Open nbrewk opened 8 years ago
Great idea, I'd love to see a PR for that 👍
@nbrewk @OleMchls IMO the best way to wordcount LaTeX files is to use a dedicated tool like TeXcount
or wordcount.tex
. These would require significant changes / additions to this package and it's scope, so I've written a package dedicated to adding LaTeX wordcount support. Right now, it can do document, file, section, and selection worcounting. I would be interested in providing the results to this package though, so it can display a summary in the status bar (right now I just make a notification containing the TeXcount output, with some basic formatting).
@Aerijo Generally I think having smarter counting per file format is a good idea. However, we would need to have a possibility to have different functions per file extension. If you want to contribute this I will happily coordinate with you how to archive this best.

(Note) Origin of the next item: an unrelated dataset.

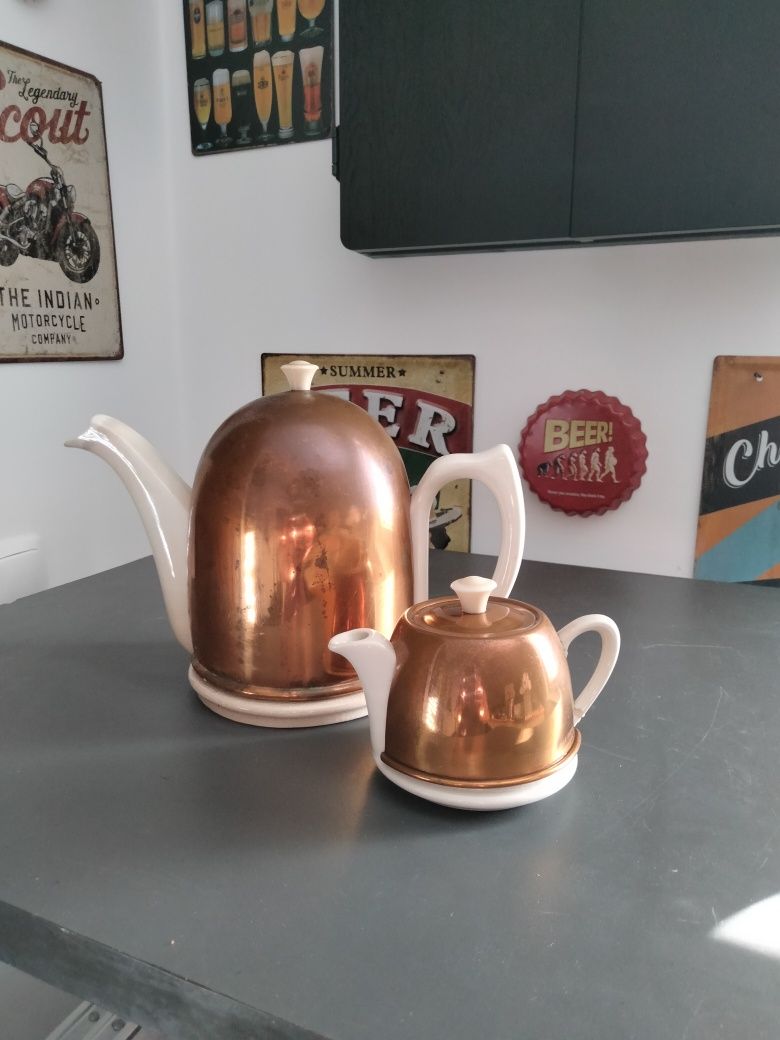 Dois Teapot em porcelana,linha Vintage com insulares Cooper cover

Given we succeed with this approach I would happily take a super advanced tex counting module/function for the wordcount
package.
If this is not possible in the short-term, as I am using it now the main inaccuracy seems to come from the inclusion of words in comments. Is there an easy language-nonspecific way to not include them in the count or does the atom code make that difficult to do?

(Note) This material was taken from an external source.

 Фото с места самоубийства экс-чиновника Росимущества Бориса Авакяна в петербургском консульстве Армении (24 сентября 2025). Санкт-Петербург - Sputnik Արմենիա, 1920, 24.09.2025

If this is not possible in the short-term, as I am using it now the main inaccuracy seems to come from the inclusion of words in comments. Is there an easy language-nonspecific way to not include them in the count or does the atom code make that difficult to do?

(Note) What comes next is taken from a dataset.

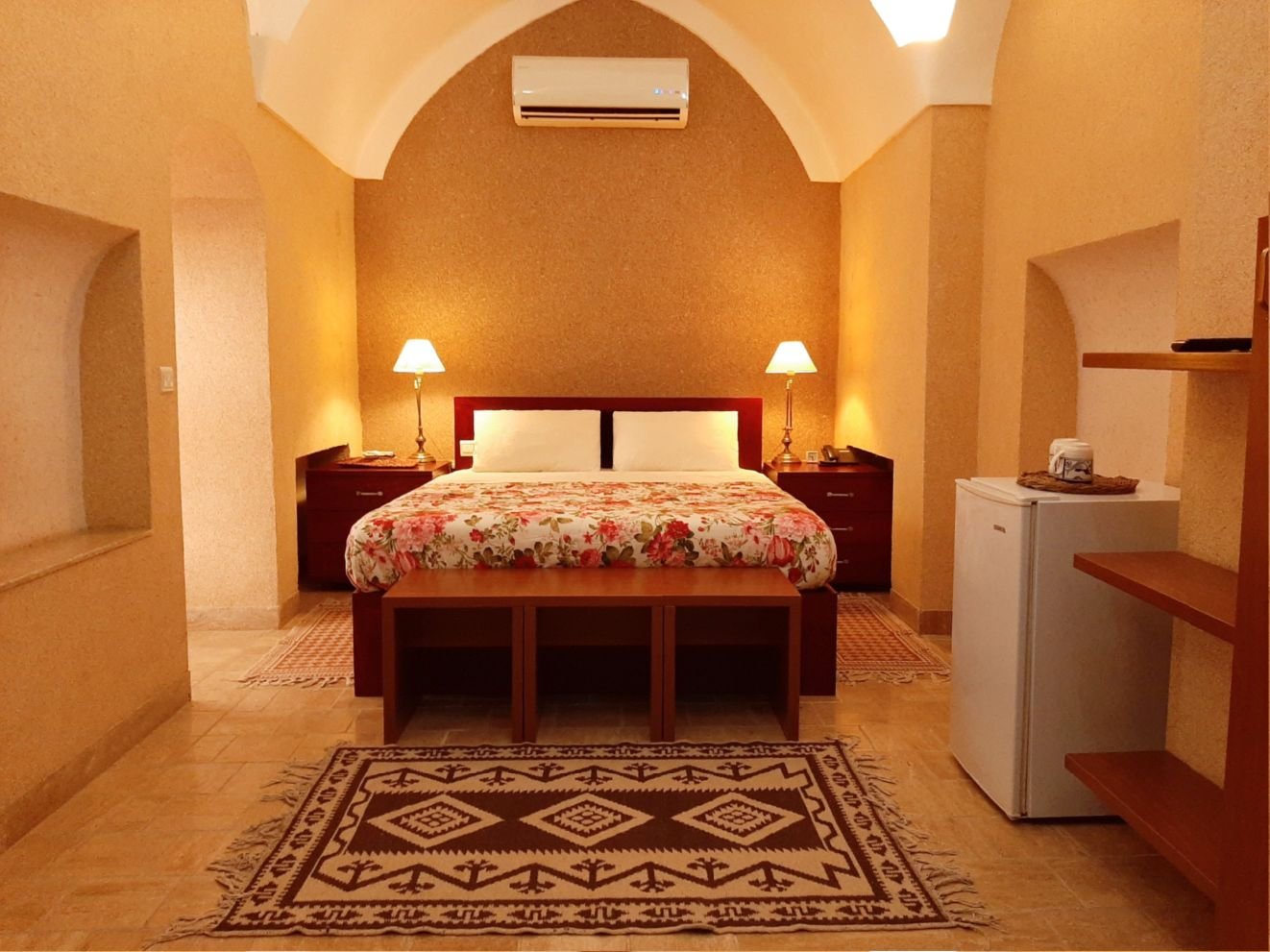 خانه سه نیک - واحد آذرمیدخت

@josh-bridge IIRC atom has an inbuild parser, so I think technically it would be possible to detect comments and ignore them. However, you would need to get this metadata from the Atom API. Which is not really used for counting (yet).
@josh-bridge can you try whether mbroedl/atom-wordcount works for you (cf. #99)?
I added an option to exclude specific scopes or only count specific scopes. For markdown a simple comment.*
would therefore ignore all comments. I don't know much about the latex tokenisation, but I hope you should be able to do what you planned?
I will create a PR when people are happy.
In same way that word counts are supported for Markdown files, it would be ideal for wordcount to be able to ignore LaTeX syntax and provide an accurate word count.